• _Your task_: Print out the records in full, keeping each word unchanged.

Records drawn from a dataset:
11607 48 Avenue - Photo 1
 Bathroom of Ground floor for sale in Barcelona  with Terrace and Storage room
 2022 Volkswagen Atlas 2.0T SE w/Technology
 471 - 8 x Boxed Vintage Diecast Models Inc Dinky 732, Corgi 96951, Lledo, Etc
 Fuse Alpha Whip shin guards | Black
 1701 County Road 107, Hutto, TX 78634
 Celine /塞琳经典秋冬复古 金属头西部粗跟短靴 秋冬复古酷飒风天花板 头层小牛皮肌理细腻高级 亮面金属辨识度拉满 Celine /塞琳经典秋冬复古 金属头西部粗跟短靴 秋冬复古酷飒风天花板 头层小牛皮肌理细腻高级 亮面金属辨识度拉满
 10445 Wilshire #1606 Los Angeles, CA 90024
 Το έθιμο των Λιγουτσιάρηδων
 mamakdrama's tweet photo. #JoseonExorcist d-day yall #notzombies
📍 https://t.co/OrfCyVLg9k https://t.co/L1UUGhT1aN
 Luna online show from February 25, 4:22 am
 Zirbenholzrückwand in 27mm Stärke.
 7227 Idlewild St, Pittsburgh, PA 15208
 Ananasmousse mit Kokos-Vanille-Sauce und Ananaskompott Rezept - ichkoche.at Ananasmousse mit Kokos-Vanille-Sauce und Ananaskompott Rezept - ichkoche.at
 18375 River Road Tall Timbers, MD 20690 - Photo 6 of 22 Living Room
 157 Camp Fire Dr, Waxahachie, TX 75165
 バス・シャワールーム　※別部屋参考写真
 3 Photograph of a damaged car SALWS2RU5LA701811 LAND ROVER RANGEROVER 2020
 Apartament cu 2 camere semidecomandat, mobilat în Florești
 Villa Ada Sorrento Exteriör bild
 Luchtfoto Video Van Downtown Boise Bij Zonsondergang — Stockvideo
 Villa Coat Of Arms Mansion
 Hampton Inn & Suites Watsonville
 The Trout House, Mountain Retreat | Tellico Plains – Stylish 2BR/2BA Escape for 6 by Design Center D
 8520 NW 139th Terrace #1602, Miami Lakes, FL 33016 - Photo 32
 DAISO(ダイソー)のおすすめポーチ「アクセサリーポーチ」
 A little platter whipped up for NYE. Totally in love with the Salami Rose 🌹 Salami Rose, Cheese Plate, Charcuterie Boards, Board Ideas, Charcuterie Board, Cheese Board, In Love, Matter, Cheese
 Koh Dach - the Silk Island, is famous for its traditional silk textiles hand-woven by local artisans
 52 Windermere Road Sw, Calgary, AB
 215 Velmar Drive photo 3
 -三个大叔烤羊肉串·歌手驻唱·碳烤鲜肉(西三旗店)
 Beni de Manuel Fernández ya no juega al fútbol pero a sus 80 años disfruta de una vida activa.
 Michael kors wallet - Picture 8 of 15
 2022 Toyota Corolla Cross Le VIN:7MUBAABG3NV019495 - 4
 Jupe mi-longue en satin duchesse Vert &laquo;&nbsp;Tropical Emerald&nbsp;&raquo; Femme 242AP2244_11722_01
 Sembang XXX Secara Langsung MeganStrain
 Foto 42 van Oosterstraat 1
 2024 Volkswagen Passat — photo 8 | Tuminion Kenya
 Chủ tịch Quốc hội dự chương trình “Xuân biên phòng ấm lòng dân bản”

• _Response to this exercise_:
11607 48 Avenue - Photo 1
 Bathroom of Ground floor for sale in Barcelona  with Terrace and Storage room
 2022 Volkswagen Atlas 2.0T SE w/Technology
 471 - 8 x Boxed Vintage Diecast Models Inc Dinky 732, Corgi 96951, Lledo, Etc
 Fuse Alpha Whip shin guards | Black
 1701 County Road 107, Hutto, TX 78634
 Celine /塞琳经典秋冬复古 金属头西部粗跟短靴 秋冬复古酷飒风天花板 头层小牛皮肌理细腻高级 亮面金属辨识度拉满 Celine /塞琳经典秋冬复古 金属头西部粗跟短靴 秋冬复古酷飒风天花板 头层小牛皮肌理细腻高级 亮面金属辨识度拉满
 10445 Wilshire #1606 Los Angeles, CA 90024
 Το έθιμο των Λιγουτσιάρηδων
 mamakdrama's tweet photo. #JoseonExorcist d-day yall #notzombies
📍 https://t.co/OrfCyVLg9k https://t.co/L1UUGhT1aN
 Luna online show from February 25, 4:22 am
 Zirbenholzrückwand in 27mm Stärke.
 7227 Idlewild St, Pittsburgh, PA 15208
 Ananasmousse mit Kokos-Vanille-Sauce und Ananaskompott Rezept - ichkoche.at Ananasmousse mit Kokos-Vanille-Sauce und Ananaskompott Rezept - ichkoche.at
 18375 River Road Tall Timbers, MD 20690 - Photo 6 of 22 Living Room
 157 Camp Fire Dr, Waxahachie, TX 75165
 バス・シャワールーム　※別部屋参考写真
 3 Photograph of a damaged car SALWS2RU5LA701811 LAND ROVER RANGEROVER 2020
 Apartament cu 2 camere semidecomandat, mobilat în Florești
 Villa Ada Sorrento Exteriör bild
 Luchtfoto Video Van Downtown Boise Bij Zonsondergang — Stockvideo
 Villa Coat Of Arms Mansion
 Hampton Inn & Suites Watsonville
 The Trout House, Mountain Retreat | Tellico Plains – Stylish 2BR/2BA Escape for 6 by Design Center D
 8520 NW 139th Terrace #1602, Miami Lakes, FL 33016 - Photo 32
 DAISO(ダイソー)のおすすめポーチ「アクセサリーポーチ」
 A little platter whipped up for NYE. Totally in love with the Salami Rose 🌹 Salami Rose, Cheese Plate, Charcuterie Boards, Board Ideas, Charcuterie Board, Cheese Board, In Love, Matter, Cheese
 Koh Dach - the Silk Island, is famous for its traditional silk textiles hand-woven by local artisans
 52 Windermere Road Sw, Calgary, AB
 215 Velmar Drive photo 3
 -三个大叔烤羊肉串·歌手驻唱·碳烤鲜肉(西三旗店)
 Beni de Manuel Fernández ya no juega al fútbol pero a sus 80 años disfruta de una vida activa.
 Michael kors wallet - Picture 8 of 15
 2022 Toyota Corolla Cross Le VIN:7MUBAABG3NV019495 - 4
 Jupe mi-longue en satin duchesse Vert &laquo;&nbsp;Tropical Emerald&nbsp;&raquo; Femme 242AP2244_11722_01
 Sembang XXX Secara Langsung MeganStrain
 Foto 42 van Oosterstraat 1
 2024 Volkswagen Passat — photo 8 | Tuminion Kenya
 Chủ tịch Quốc hội dự chương trình “Xuân biên phòng ấm lòng dân bản”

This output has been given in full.